Modeling Check-in Preferences with Multidimensional Knowledge: A Minimax Entropy Approach

Abstract

We propose a single unified minimax entropy approach for user preference modeling with multidimensional knowledge. Our approach provides a discriminative learning protocol which is able to simultaneously a) leverage explicit human knowledge, which are encoded as explicit features, and b) model the more ambiguous hidden intent, which are encoded as latent features. A latent feature can be carved by any parametric form, which allows it to accommodate arbitrary underlying assumptions. We present our approach in the scenario of check-in preference learning and demonstrate it is capable of modeling user preference in an optimized manner. Check-in preference is a fundamental component of Point-of-Interest (POI) prediction and recommendation. A user's check-in can be affected at multiple dimensions, such as the particular time, popularity of the place, his/her category and geographic preference, etc.
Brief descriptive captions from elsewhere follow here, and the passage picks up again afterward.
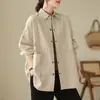 Foto real de camisa casual versátil, talla grande, corte holgado, adelgazante, abrigo de longitud media, camisa de trabajo vintage de manga larga para mujer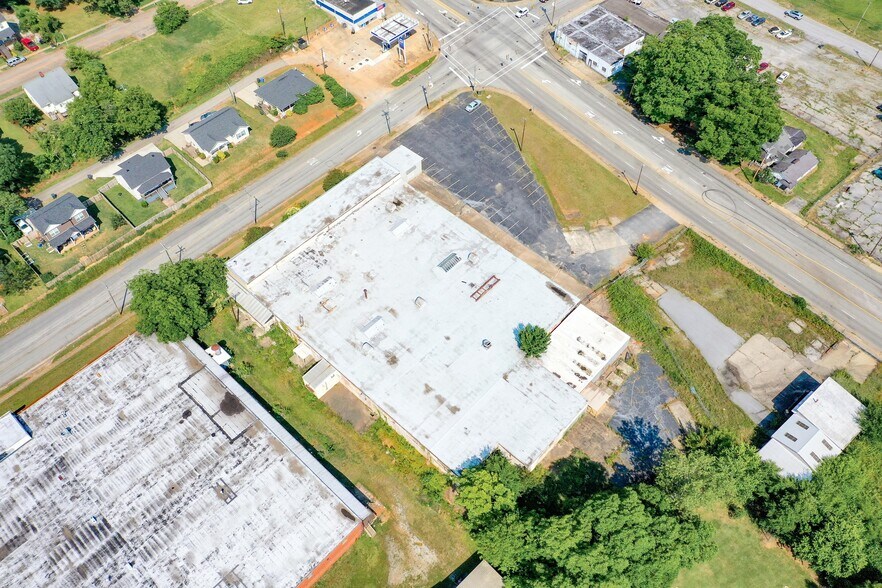 More Photos Of 1505 Buncombe Rd, Greenville Distribution For Sale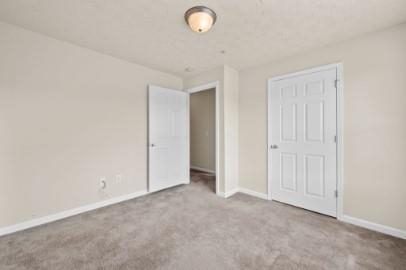 Building Photo - 5304 Fairington Club Dr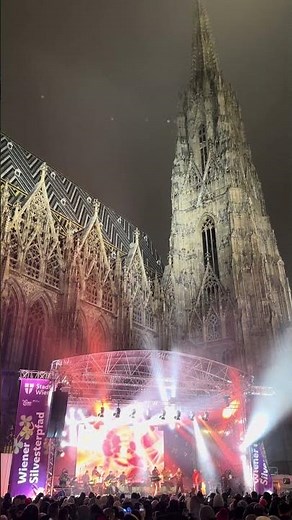 Vienna New Year’s Eve 2025 🎆 | Massive Crowd & Festival Highlights at Stephansplatz in 4K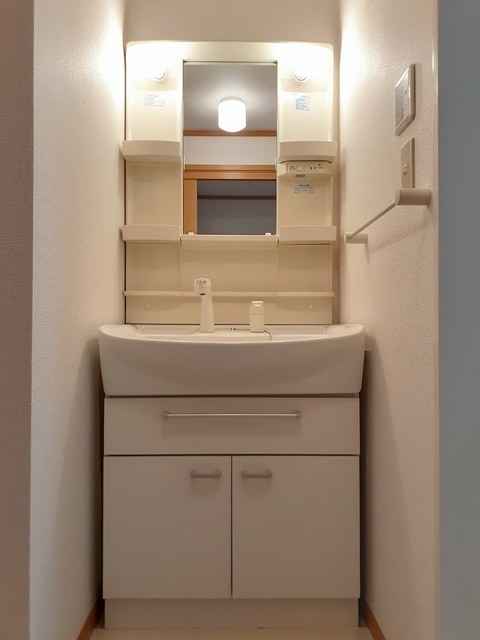 ジョイ・キープ・クニヤン その他3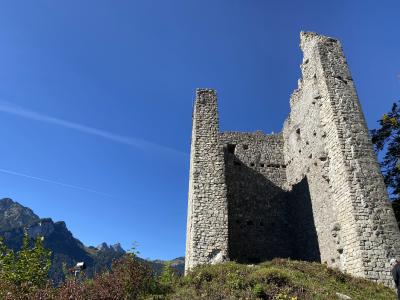 2594-ganz-tirol-vils-ruine-vilsegg.jpg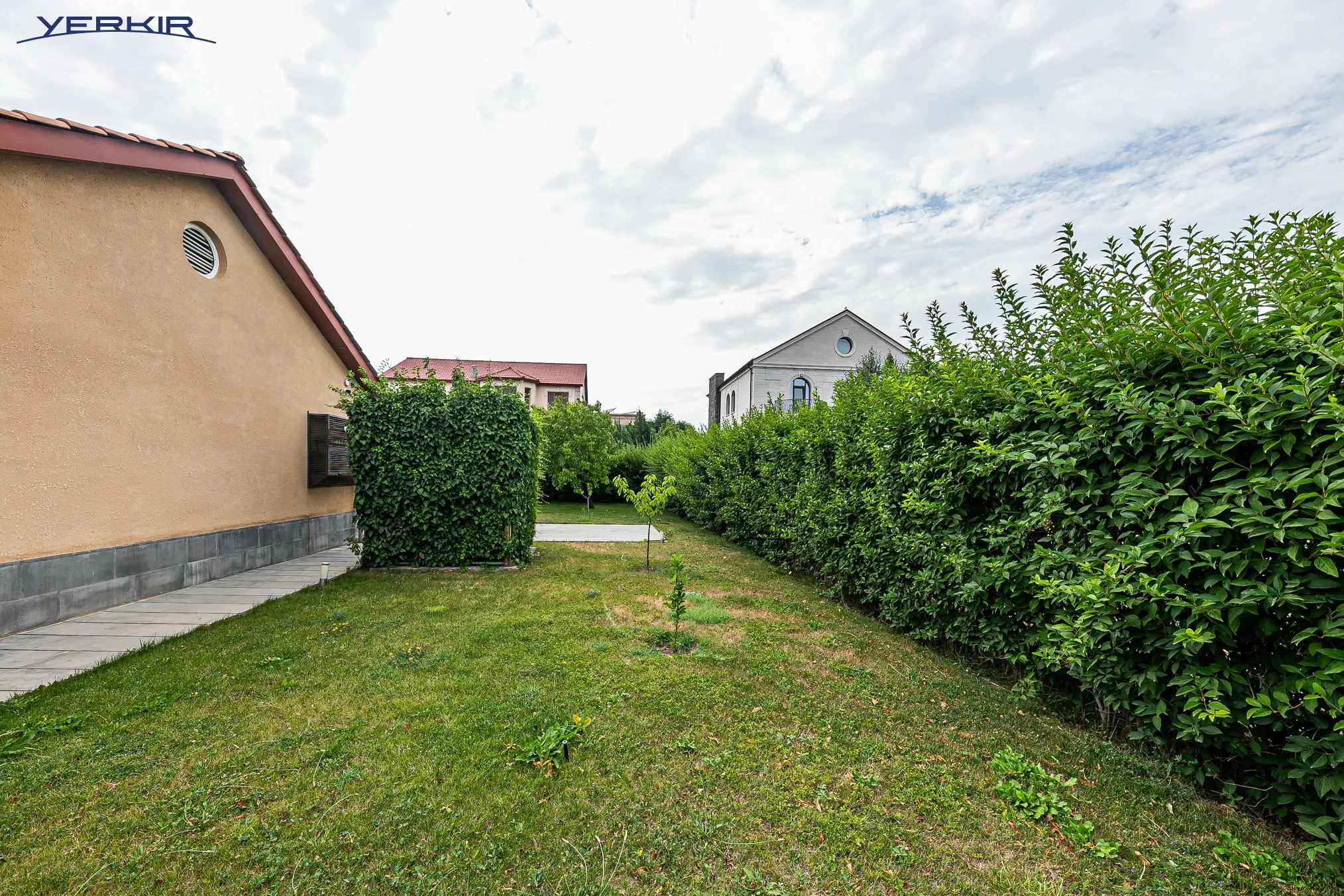 Առանձնատներ Կոդ` 5+519027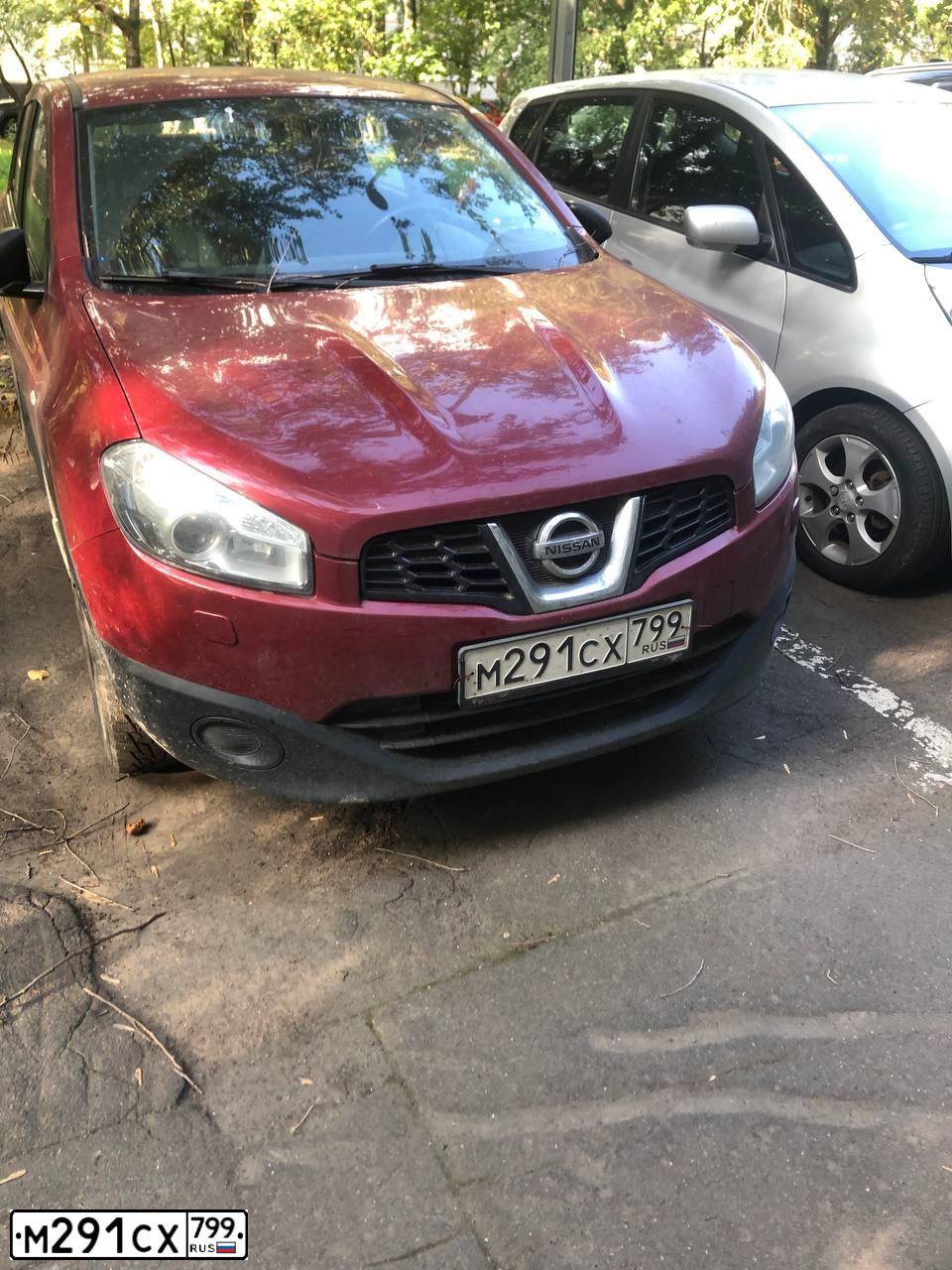 Фото автомобиля NISSAN QASHQAI, 2013 — госномер М291СХ799. Цвет: Красный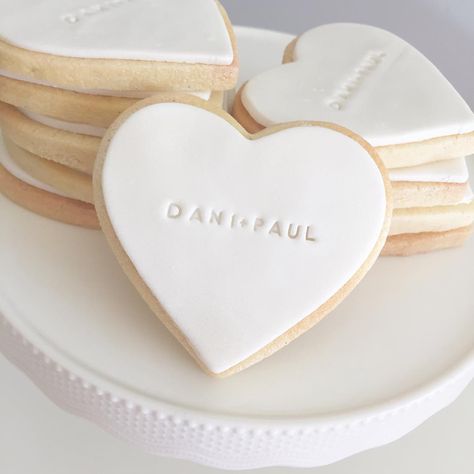 #Personalised #wedding #sugar #cookies Engagement Party Cookies, Wedding Sugar Cookies, Biscuit Wedding Favours, Wedding Biscuits, Thank You Cookies, Cookie Wedding Favors, Engagement Celebration, Engagement Cakes, Wedding Cookies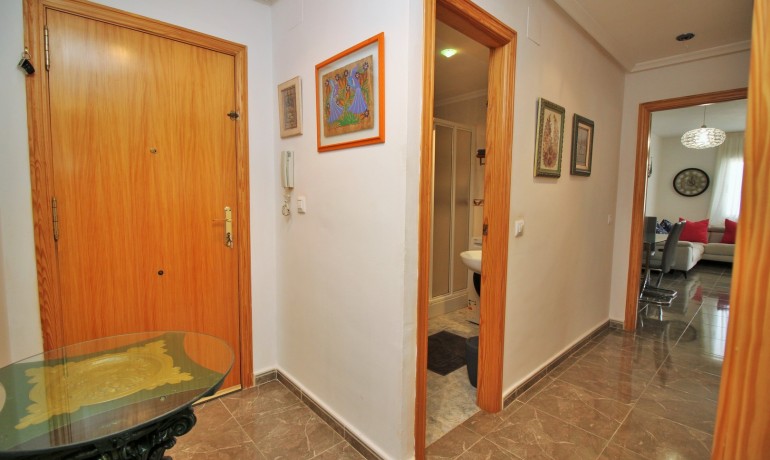 Venta - Apartamento / piso -
Torrevieja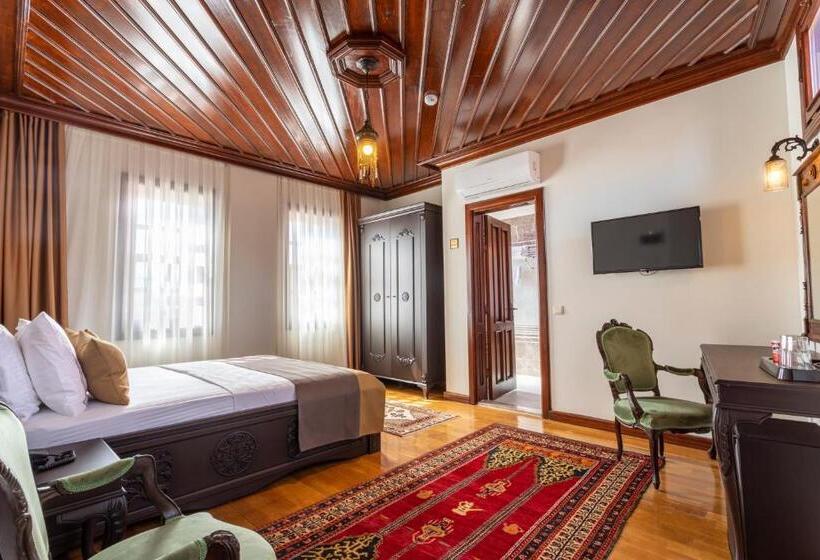 اتاق سوپریور, Woo Town Suites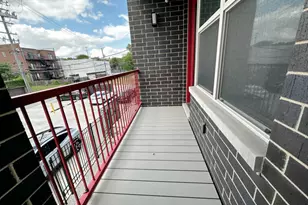 4054 S Indiana Ave, Chicago, IL 60653 - Photo 17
With the geographic preferences modeled as latent features and the rest as explicit features, our approach provides an in-depth understanding of users' time-varying preferences over different POIs, as well as a reasonable representation of the hidden geographic clusters in a joint manner. Experimental results based on the task of POI prediction/recommendation with two real-world check-in datasets demonstrate that our approach can accurately model the check-in preferences and significantly outperforms the state-of-art models.